Alas, Sally didn't make the grade.
Hint: Conduct a role play in a group or one-on-one training situation. Give the candidate a scoring sheet and ask him/her to score an interaction that you stage, and then see if they score it correctly and what they have to say about the interaction they have just observed.
Ability to accurately recall the details of the experience - This is critical in order to complete the scoring sheet after leaving premises. Our shoppers must write a short commentary of key points in the service encounter as well as check and score the behaviors we have agreed to look for.
Hint: Use the same exercise as the one described above to judge this. Plus, you can send them into the field on a trial run...which brings us to our next point.
3. Try them out - before turning over a set of shops to be done.
Before you assume that you've got a shopper who can be accurate, thorough and objective, send them out for a few trial shops. If possible, go with them and observe the interaction they have with an employee being shopped. Then have the shopper fill out a scoring sheet and see if they score it like you would have.
This will tell you very quickly whether this person is likely to be an effective mystery shopper. It also affords an opportunity for the potential shopper to bail out if they don't like the work, too, before you've placed your trust in them to go out and complete 15-25 shops.
We send a "shopper in training" to a competitor's location, not to our client's place of business. (The same idea works even better for telephone mystery shops.) This way, if the shopper doesn't do a good job, we haven't compromised the quality of our shopping program.

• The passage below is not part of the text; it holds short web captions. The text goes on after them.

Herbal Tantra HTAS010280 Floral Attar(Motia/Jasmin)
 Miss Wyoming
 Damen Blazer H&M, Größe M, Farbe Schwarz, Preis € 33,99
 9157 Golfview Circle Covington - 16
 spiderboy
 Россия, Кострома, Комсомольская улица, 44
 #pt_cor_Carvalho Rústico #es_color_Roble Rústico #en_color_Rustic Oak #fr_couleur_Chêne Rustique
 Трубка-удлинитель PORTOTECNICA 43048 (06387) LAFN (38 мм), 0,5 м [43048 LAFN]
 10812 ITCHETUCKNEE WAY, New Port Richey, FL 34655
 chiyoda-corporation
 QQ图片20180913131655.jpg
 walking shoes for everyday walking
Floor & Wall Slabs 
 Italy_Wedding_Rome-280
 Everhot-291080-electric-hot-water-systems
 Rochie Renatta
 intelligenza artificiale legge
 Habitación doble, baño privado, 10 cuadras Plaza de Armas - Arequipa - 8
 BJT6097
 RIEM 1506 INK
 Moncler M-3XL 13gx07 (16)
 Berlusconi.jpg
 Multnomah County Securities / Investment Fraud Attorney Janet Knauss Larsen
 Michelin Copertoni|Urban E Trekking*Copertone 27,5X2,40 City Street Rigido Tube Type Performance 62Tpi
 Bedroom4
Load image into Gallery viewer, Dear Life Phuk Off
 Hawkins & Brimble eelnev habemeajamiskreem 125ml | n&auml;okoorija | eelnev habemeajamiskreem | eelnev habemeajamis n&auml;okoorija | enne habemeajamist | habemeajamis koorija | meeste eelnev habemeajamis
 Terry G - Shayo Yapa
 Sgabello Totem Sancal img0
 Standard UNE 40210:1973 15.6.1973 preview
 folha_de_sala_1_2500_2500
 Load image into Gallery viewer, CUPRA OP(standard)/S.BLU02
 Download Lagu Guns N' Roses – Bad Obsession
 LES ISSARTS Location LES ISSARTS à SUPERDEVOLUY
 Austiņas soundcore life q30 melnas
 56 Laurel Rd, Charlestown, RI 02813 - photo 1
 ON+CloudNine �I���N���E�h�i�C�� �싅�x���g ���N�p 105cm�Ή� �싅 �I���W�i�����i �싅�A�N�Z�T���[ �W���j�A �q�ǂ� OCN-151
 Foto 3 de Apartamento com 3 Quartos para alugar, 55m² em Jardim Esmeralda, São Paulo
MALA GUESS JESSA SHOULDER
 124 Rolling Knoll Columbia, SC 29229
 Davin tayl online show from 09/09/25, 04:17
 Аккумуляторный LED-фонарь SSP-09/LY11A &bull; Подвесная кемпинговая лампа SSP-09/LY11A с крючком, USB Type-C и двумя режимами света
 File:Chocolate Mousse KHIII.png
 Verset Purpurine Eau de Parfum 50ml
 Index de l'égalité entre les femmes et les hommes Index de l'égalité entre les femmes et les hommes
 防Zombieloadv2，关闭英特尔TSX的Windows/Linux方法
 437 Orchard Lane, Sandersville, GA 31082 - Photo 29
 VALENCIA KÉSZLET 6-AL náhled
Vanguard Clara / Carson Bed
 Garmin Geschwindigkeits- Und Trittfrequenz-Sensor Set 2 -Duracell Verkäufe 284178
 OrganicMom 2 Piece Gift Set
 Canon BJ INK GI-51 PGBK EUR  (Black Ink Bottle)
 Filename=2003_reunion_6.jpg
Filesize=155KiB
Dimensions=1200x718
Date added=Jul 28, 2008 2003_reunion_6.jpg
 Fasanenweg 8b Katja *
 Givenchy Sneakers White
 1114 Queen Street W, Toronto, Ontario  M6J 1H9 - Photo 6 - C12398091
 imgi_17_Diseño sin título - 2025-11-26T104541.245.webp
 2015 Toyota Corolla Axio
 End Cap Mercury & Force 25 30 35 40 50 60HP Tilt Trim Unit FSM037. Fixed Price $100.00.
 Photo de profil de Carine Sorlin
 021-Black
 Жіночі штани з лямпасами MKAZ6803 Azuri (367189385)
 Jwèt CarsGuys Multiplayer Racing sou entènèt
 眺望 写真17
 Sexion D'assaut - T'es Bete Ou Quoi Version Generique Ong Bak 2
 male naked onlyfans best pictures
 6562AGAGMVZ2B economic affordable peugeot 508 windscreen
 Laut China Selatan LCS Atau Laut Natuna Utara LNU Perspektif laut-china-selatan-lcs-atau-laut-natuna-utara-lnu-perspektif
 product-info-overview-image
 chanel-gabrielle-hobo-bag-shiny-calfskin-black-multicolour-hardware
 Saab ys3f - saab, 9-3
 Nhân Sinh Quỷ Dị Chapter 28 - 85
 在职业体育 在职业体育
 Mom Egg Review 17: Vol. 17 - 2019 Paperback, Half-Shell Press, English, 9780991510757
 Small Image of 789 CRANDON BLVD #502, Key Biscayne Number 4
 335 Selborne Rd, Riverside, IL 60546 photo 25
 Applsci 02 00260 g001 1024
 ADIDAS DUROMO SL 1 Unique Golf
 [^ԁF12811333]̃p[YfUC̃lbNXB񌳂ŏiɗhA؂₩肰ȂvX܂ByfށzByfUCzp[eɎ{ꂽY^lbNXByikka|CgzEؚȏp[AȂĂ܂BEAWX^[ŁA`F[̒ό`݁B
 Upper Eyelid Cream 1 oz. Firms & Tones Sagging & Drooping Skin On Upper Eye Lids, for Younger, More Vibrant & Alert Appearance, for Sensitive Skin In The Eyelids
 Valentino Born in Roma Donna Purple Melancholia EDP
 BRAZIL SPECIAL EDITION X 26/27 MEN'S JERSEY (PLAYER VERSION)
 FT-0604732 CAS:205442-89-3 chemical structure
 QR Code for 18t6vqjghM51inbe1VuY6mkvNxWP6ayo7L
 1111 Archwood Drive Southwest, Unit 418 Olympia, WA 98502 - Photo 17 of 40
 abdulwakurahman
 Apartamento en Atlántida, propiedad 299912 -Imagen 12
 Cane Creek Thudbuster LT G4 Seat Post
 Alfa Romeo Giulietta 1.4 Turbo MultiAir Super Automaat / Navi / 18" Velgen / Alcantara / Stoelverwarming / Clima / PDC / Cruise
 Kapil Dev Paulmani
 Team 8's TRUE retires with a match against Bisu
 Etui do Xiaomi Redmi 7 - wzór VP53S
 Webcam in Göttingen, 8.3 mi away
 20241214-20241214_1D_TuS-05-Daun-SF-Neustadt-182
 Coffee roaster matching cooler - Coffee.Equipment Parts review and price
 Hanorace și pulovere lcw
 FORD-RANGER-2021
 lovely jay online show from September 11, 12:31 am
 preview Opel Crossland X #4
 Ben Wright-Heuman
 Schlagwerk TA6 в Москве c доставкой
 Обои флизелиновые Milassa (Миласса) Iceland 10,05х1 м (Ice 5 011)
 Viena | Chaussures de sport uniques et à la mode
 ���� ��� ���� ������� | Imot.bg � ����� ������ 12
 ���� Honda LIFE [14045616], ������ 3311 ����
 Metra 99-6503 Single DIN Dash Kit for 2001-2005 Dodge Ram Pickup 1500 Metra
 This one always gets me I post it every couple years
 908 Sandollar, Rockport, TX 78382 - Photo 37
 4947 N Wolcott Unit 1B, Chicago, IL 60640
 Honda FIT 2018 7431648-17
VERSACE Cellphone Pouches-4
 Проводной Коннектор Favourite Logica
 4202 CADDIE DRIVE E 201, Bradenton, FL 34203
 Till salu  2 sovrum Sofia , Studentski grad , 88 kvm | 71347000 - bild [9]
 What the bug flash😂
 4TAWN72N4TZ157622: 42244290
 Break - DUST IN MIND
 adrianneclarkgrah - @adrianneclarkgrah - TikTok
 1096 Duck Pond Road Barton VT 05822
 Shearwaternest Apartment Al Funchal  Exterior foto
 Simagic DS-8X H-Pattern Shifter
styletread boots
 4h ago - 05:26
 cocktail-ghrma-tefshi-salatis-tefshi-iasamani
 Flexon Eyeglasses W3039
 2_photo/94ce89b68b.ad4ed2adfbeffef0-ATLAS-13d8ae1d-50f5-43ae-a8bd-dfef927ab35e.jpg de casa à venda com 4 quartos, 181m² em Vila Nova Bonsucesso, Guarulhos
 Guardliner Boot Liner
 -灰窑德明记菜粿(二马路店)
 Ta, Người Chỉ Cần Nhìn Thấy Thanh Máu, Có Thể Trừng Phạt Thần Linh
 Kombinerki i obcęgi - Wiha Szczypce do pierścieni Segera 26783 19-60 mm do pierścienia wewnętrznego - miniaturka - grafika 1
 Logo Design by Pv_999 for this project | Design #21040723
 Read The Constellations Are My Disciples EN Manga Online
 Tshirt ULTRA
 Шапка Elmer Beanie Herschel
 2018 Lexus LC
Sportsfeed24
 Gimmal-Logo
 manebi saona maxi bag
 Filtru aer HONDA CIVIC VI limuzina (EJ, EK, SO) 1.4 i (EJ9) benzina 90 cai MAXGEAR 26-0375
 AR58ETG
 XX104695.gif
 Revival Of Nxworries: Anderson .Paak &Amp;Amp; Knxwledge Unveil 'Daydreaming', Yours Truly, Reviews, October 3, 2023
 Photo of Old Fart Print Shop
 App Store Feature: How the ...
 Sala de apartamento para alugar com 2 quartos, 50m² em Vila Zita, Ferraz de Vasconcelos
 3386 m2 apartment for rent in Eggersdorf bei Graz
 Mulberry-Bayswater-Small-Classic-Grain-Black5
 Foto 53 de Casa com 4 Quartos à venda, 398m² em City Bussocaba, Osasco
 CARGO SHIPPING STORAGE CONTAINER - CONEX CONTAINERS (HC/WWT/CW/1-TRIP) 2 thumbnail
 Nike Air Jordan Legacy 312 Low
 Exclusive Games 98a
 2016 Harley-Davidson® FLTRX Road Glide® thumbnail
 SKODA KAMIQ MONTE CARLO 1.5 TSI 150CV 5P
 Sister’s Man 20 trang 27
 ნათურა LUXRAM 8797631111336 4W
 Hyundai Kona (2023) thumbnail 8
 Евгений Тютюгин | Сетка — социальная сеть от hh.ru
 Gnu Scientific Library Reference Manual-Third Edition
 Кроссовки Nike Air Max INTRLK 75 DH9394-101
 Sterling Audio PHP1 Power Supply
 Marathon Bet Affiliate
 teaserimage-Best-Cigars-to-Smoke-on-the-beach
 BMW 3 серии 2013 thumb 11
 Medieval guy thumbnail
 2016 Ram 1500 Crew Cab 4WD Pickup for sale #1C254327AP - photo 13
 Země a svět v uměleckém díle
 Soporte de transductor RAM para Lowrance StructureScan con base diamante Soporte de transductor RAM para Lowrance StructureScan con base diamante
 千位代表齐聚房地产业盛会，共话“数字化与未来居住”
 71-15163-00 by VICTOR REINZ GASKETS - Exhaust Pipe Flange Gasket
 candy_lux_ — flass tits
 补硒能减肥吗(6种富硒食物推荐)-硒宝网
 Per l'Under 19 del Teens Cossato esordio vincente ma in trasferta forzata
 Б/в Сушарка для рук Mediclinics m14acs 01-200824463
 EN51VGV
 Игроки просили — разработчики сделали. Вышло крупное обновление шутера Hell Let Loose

An interesting side note: Because our firm conducts a large volume of customer satisfaction research, we've found that some individuals can do a good job of conducting telephone interviews and also performing telephone mystery shops. Ironically, for us, this has been the exception rather than the rule, however. Most people turn out to be good at (and like to do) one or the other, not both!
4. Review each completed scoring sheet in detail before approving it for data entry.
Since staff time is involved in this step, this may be the one that gets overlooked or shortchanged. Soon after the scoring sheets arrive at our office, we check each sheet, in detail, before sending it along for data entry and tabulation. Here are some of the checks and balances we use:
Make sure that the checked items are then scored correctly. Compare what has been written in the comments section to the scoring.
Call the shopper to discuss/resolve any apparent discrepancies. If we find discrepancies or omissions, we contact the shopper immediately to discuss the shop and its scoring. If the shopper can recall the details sufficiently, then we make corrections or changes to the scoring sheet. If not, then we feel that we have no choice but to follow step five.
5. Be prepared to throw out any suspect shops - and re-shop these using another mystery shopper (or in a deadline situation, a staff member). This is your final insurance. Being willing to throw out a "suspect" shop and re-shop the same location and/or employee ensures the credibility of the results you provide to your client. Being willing to do this, and do it at your own expense, reinforces the belief that the work done by your team reflects objectively what is actually going on out on "the front line."
Following these steps goes a long way toward providing objective and credible shopping results. And with these results, management is in a position to reward desired behavior, prioritize training and coaching needs, and over time boost the level of sales and service performance by frontline employees.